Why not shirtfront Mark Scott

Not, of course, one of those robust run at someone at full tilt while they’re looking the other way kind of shirtfront, as they do in AFL, but merely the grab ’em by the lapels version as they do in that girl’s game they play in Sydney. [OK, OK – just kidding.] But seriously, if even Leigh Sales thinks it’s juvenile and beneath contempt, why isn’t the government starting to take the idiocies of the national broadcaster seriously. Without the ABC, the ALP wouldn’t win an election for ten years. Here’s the story:

LEIGH Sales, presenter of the ABC’s flagship current affairs program 7.30, has suggested she argued strongly against the program showing a five-minute skit that made fun of Tony Abbott’s effort to “shirt-front” Vladimir Putin over Russia’s role in the downing of Malaysia Airlines flight MH17.

In response to tweets about The Australian’s story today in which Communications Minister Malcolm Turnbull described the decision to show the skit as “baffling and disappointing”, Sales tweeted: “I can robustly make my case in editorial meetings but ultimately, I have to present what’s commissioned.”

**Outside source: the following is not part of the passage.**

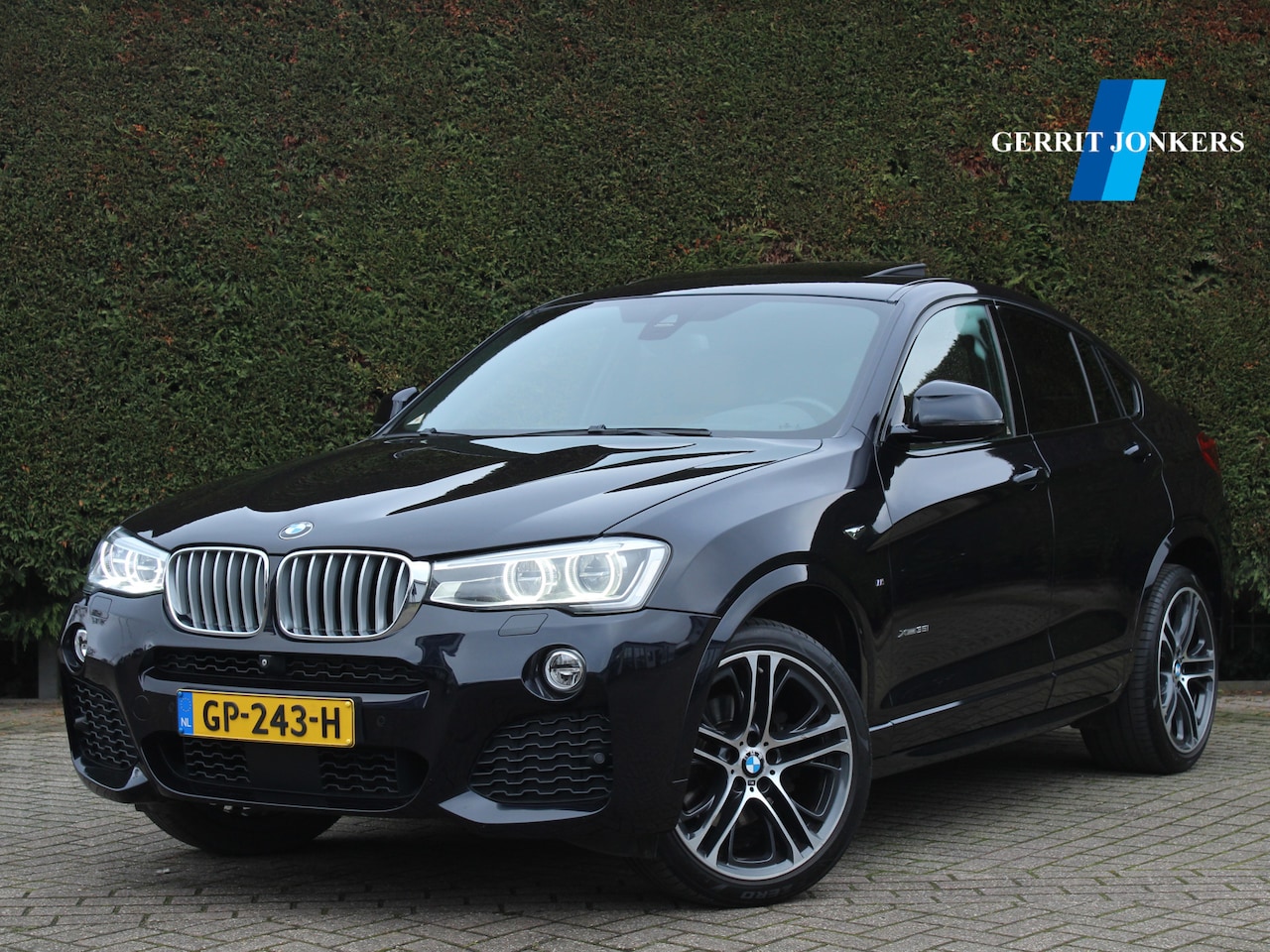 BMW X4 - xDrive35i High Executive M Sport | Schuifdak | Trekhaak | M Performance uitlaat - AutoWereld.nl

The ABC has defended what it called a “lighthearted” skit that went to air on Tuesday night previewing “the showdown of the century” between Abbott and the Russian president over Russia’s role in backing Russian separatists who downed MH17. Thirty-eight Australians were killed in the crash.

It’s not funny, and just because it’s done by a Liberal Prime Minister doesn’t mean it is automatically wrong.

What about cabinet solidarity?

Well there’s ABC independence and then there’s cabinet solidarity. From The Age:

Communications Minister Malcolm Turnbull has strongly defended the ABC’s editorial independence in the face of Prime Minister Tony Abbott’s attack on the national broadcaster, which he says ‘instinctively takes everyone’s side but Australia’s’.

Mr Turnbull defended the Prime Minister’s right to critique the ABC but, in comments that could be interpreted as resistance to Mr Abbott, he said the ABC was rightly accountable to its board of directors, not politicians.

Do I get this right? The Government sets up a media organisation that has been captured by its ultra-left staff and staffing policies and that’s the end of it. This is not Fairfax or News Media whose life and death is dependent on earning an income in the market. This is a government-paid-for media organisation over which the government apparently has no control. Is that the point? Is that what he means? Doesn’t work for me. This works for me, from The Australian:

THE ABC’s $223 million Australia Network Asian broadcasting service is likely to be scrapped in the May budget to save money and end the pursuit of “soft diplomacy” in the region through television.

Federal cabinet has already discussed the option of dropping the ABC’s contract to broadcast Australian news and entertainment in the region, with the Government Solicitor providing advice on the ramifications of stripping the ABC of its 10-year contract.

Cabinet ministers believe the ABC’s coverage of Australia in the region is overly negative and fails to promote the nation as originally intended in the Australia Network’s charter by using the “soft diplomacy” of Australian news and cultural programs.

The ABC is unresponsive to what its market wants, more than half of whom voted for this government which the ABC is viscerally opposed to. No one says that the ABC has to be a government news service but it is also not supposed to outrage more than half the country with its approach to political issues.